Multi-Modality#

vLLM provides experimental support for multi-modal models through the vllm.multimodal package.

vllm.inputs.PromptStrictInputs accepts an additional attribute multi_modal_data which allows you to pass in multi-modal input alongside text and token prompts.

Note

multi_modal_data can accept keys and values beyond the builtin ones, as long as a customized plugin is registered through

vllm.multimodal.MULTIMODAL_REGISTRY.

By default, vLLM models do not support multi-modal inputs. To enable multi-modal support for a model, please follow the guide for adding a new multimodal model..

# TODO: Add more instructions on how to do that once embeddings is in.

Guides#

Module Contents#

Registry#

vllm.multimodal.MULTIMODAL_REGISTRY = <vllm.multimodal.registry.MultiModalRegistry object>#

The global MultiModalRegistry is used by model runners to dispatch data processing according to its modality and the target model.

class vllm.multimodal.MultiModalRegistry(*, plugins: Sequence[MultiModalPlugin] = DEFAULT_PLUGINS)[source]#

A registry to dispatch data processing according to its modality and the target model.

The registry handles both external and internal data input.

create_input_mapper(model_config: ModelConfig)[source]#

Create an input mapper (see map_input()) for a specific model.

get_max_multimodal_tokens(model_config: ModelConfig) int[source]#

Get the maximum number of multi-modal tokens for profiling the memory usage of a model.

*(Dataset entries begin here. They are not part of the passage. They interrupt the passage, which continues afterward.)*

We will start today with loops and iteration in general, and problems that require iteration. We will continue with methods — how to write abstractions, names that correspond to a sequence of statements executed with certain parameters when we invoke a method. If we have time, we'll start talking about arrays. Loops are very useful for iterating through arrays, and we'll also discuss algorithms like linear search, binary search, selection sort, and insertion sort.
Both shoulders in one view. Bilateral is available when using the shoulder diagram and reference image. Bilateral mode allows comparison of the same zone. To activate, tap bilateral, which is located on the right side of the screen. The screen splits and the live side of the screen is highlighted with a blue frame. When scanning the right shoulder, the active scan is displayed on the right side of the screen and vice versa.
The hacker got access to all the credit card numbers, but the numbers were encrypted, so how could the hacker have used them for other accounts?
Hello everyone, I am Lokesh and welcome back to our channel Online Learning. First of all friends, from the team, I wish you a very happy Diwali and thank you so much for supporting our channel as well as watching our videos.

See MultiModalPlugin.get_max_multimodal_tokens() for more details.

map_input(model_config: ModelConfig, data: MultiModalDataBuiltins | Dict[str, Any]) MultiModalInputs[source]#

Apply an input mapper to the data passed to the model.

See MultiModalPlugin.map_input() for more details.

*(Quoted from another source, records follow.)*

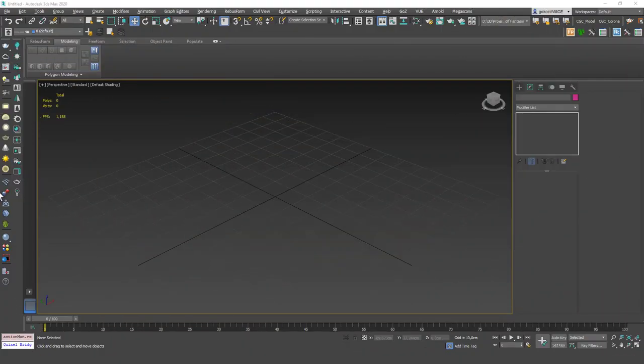Hello friends, welcome to a new 3ds Max tutorial. This is Gokce from CGCave.com and today we are going to learn about the freeform tools in 3ds Max which are really an alternative to soft selection and I think these are more powerful because we have some different options in here.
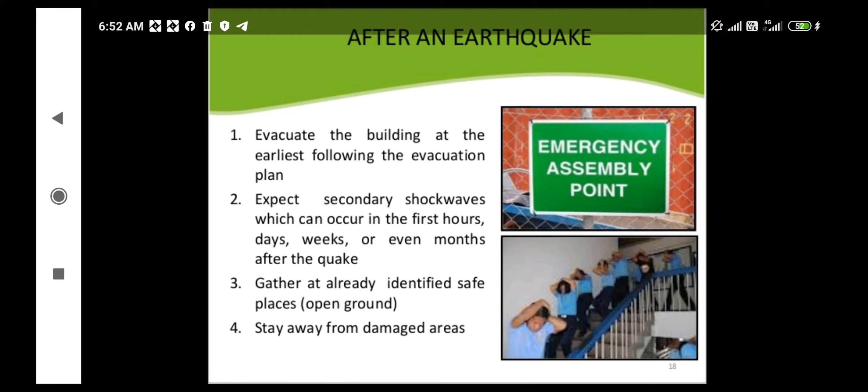Gather at already-identified safe places and move to open ground. Evacuate yourselves towards open ground and stay away from damaged areas, as secondary shocks may result in the collapse of buildings and cause further catastrophic events.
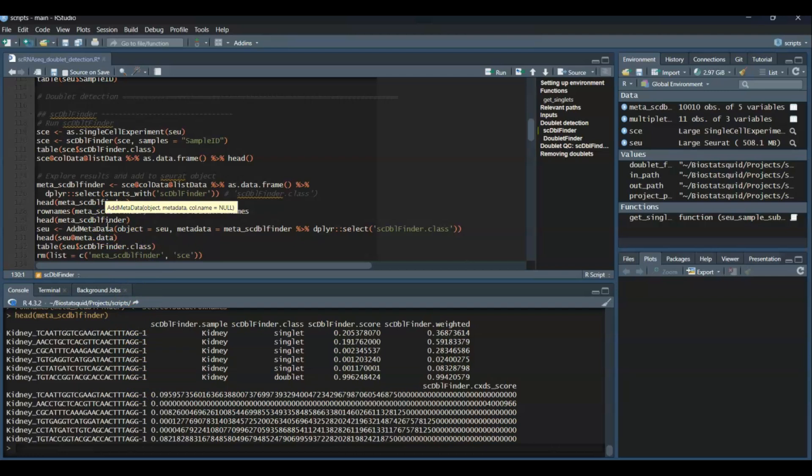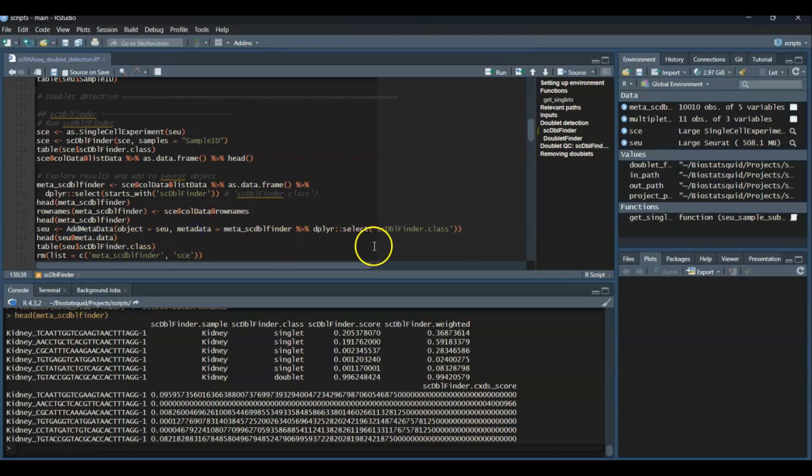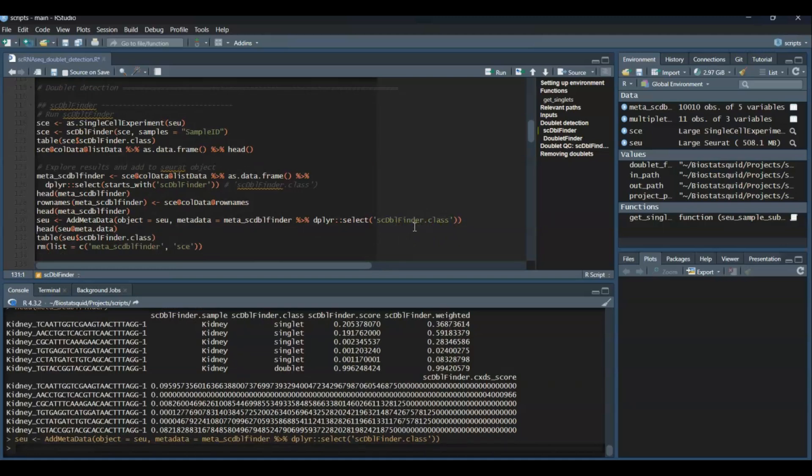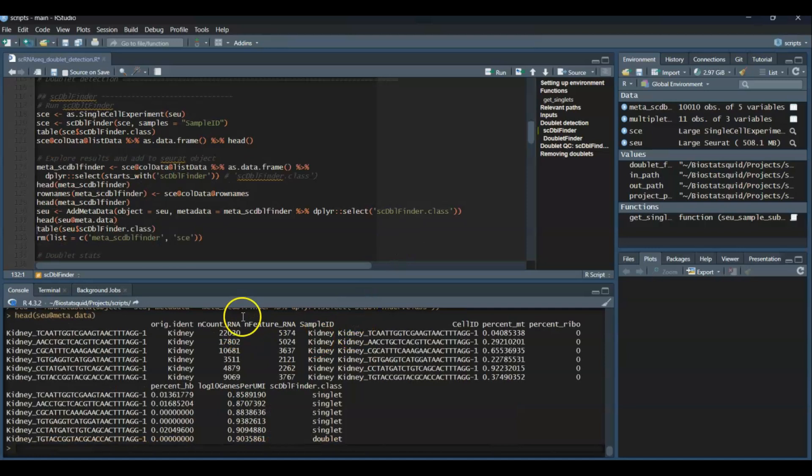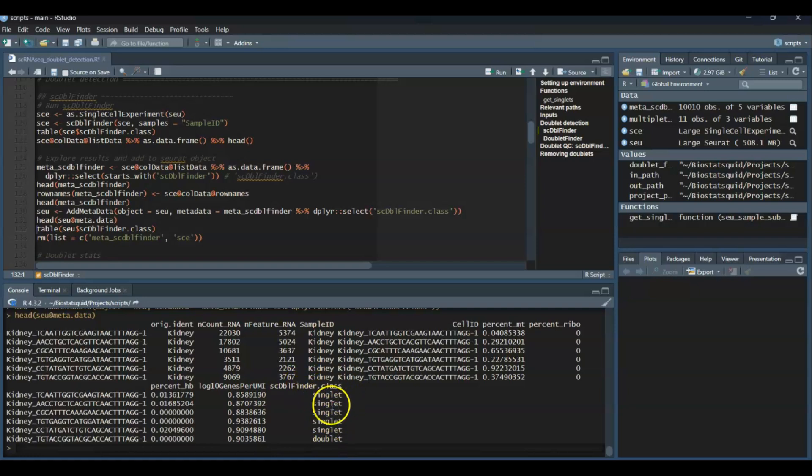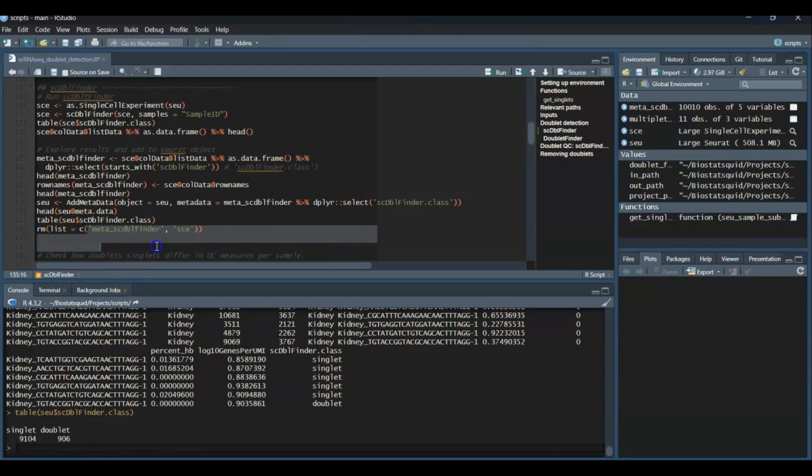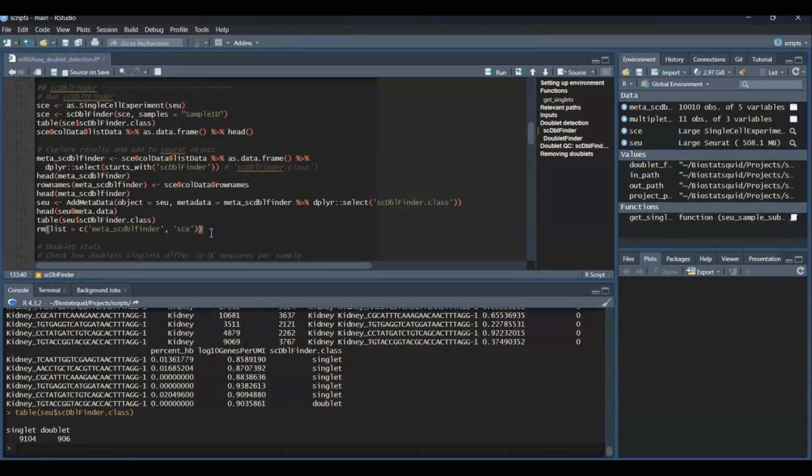Great, so now we can add the metadata with the function AddMetaData. And I'm just going to add the scDblFinder.class. But if you want to add the other columns as well, you can just remove this part that just selects this column. So feel free to also customize the name of the column. We can just check now the Seurat object. And as you can see, we have a new column in our metadata called scDblFinder.class, which has our singlets and doublet labels. And just to make sure, let's check again the number of singlets and doublets. There you go. And we can remove these temporary variables, which we don't need anymore, just to clear up a bit of memory.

register_image_input_mapper(mapper: Callable[[InputContext, object], MultiModalInputs] | None = None)[source]#

Register an input mapper for image data to a model class.

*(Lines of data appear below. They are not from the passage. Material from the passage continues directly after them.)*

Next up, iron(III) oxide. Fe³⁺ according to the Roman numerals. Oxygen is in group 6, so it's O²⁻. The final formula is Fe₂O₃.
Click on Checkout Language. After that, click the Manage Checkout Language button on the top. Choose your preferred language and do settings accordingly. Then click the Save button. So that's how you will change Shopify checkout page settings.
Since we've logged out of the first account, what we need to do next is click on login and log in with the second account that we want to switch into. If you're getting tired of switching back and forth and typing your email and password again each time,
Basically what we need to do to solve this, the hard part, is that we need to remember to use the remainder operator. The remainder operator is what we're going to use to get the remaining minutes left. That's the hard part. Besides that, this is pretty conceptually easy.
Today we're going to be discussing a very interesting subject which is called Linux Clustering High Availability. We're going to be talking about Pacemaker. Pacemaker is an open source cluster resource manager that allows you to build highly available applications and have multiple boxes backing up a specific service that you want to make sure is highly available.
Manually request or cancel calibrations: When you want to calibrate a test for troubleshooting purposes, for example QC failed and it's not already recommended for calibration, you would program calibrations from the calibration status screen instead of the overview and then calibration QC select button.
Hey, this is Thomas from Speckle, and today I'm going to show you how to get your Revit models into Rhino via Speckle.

See MultiModalPlugin.register_input_mapper() for more details.

register_input_mapper(data_type_key: str, mapper: Callable[[InputContext, object], MultiModalInputs] | None = None)[source]#

Register an input mapper for a specific modality to a model class.

See MultiModalPlugin.register_input_mapper() for more details.

register_max_image_tokens(max_mm_tokens: int | Callable[[InputContext], int] | None = None)[source]#

Register the maximum number of image tokens input to the language model for a model class.

register_max_multimodal_tokens(data_type_key: str, max_mm_tokens: int | Callable[[InputContext], int] | None = None)[source]#

Register the maximum number of tokens, belonging to a specific modality, input to the language model for a model class.

Base Classes#

vllm.multimodal.MultiModalDataDict#

alias of Union[MultiModalDataBuiltins, Dict[str, Any]]

class vllm.multimodal.MultiModalInputs(dict=None, /, **kwargs)[source]#

Bases: _MultiModalInputsBase

A dictionary that represents the keyword arguments to forward().

static batch(inputs_list: List[MultiModalInputs], device: torch.types.Device) Dict[str, torch.Tensor | List[torch.Tensor]][source]#

Batch multiple inputs together into a dictionary.

class vllm.multimodal.MultiModalPlugin[source]#

Bases: ABC

Base class that defines data processing logic for a specific modality.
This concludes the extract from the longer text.